Provided data:
════════════════

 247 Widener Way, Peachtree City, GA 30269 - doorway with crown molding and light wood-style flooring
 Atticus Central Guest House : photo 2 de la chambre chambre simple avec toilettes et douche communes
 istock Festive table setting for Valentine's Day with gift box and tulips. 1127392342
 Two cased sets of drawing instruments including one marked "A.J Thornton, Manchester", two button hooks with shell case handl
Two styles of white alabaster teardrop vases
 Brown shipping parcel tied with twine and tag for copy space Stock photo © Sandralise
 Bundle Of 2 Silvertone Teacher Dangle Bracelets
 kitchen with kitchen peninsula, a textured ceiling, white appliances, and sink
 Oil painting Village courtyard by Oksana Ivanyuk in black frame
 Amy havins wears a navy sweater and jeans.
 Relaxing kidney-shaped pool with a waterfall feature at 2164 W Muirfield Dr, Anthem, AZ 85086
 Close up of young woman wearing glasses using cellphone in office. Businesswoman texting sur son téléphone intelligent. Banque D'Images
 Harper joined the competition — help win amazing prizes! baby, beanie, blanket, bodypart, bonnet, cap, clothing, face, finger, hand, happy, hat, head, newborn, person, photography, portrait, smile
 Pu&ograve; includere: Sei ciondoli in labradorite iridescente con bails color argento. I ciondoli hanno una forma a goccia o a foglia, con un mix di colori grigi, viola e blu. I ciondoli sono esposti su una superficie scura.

════════════════

Action item: Copy whichever lines in the listing above contain the word "white".

Task answer:
Two styles of white alabaster teardrop vases
 kitchen with kitchen peninsula, a textured ceiling, white appliances, and sink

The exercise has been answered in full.